If it’s a sensible £15,000 new car you’re after, look no further than the Hyundai i20. The Korean hatchback does without the cheeky personality of a Mini, and can’t match a Ford Fiesta for driving pleasure. But it counters with plenty of space for a young family, a good level of standard equipment and the latest safety features. And perhaps the most sensible bit of all is the five-year warranty.

As for the version, we’d recommend the 1.0-litre, turbocharged petrol engine, with a manual gearbox and SE trim level. The latter provides a comprehensive level of equipment for this type and price of car. And at the time of writing, incentives in place from Hyundai mean it dips below £15,000.

Hyundai i20 buyers' guide

9. Skoda Rapid Spaceback

Our pick Skoda Rapid Spaceback 1.0 TSI 95hp SE Technology
List price £15,865

The Rapid name is a blast from Skoda’s past but the latest version feels every inch a modern product that’s the result of some canny thinking. This car has recently been phased out, however, so you'll have to hunt down a car that's in stock or choose a nearly-new model.

Skoda reasoned that it could build a car about the size of a Volkswagen Golf or Ford Focus that’s priced more in line with a Polo or Fiesta. It’s an approach that’s served the Czech car maker well before, and it continues to do so here. The Rapid Spaceback is a compact estate car, with a 415-litre boot and a generous amount of space inside.

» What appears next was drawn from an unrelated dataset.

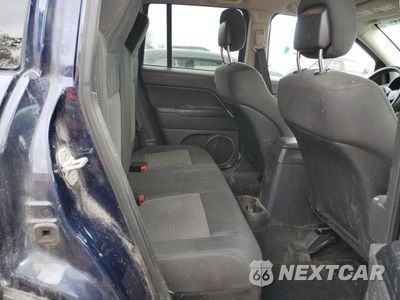 Zdjęcie 10 z 12 samochodu: 2012 JEEP COMPASS LATITUDE VIN:1C4NJCEB7CD678241 - miniatura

Okay, we’ll admit that the quality of the interior fixtures and fittings isn’t exactly top notch, but look beyond that and there’s a practical car that drives well, with a smooth ride, quiet and efficient petrol engine and safe, steady handling.

Skoda Rapid buyers' guide

10. Smart ForTwo

Our pick Smart Fotwo Prime 71hp coupe
List price £12,110

Not everyone needs a car with more than two seats but unless you want a sports car, the choice is pretty much limited to the Smart Fortwo. Happily, it is quite an endearing thing, as much at home as an only car for those who just want a modest runaround as it is as a second or third car that can be pressed into action when the family needs to be in two places at once.

Older generation cars were colourful but crude in places, whereas this one feels better engineered, both to sit in and drive. It can turn on a sixpence and is a doddle to park, while the high seating position gives drivers the same commanding view and reassuring feel that’s made SUVs so popular.

Needless to say, it’s not terribly spacious. Also, it’s not terribly fast. Oh, and while we’re at it, it’s not terribly refined, either. But it is quirky, different fun - and most importantly, very affordable.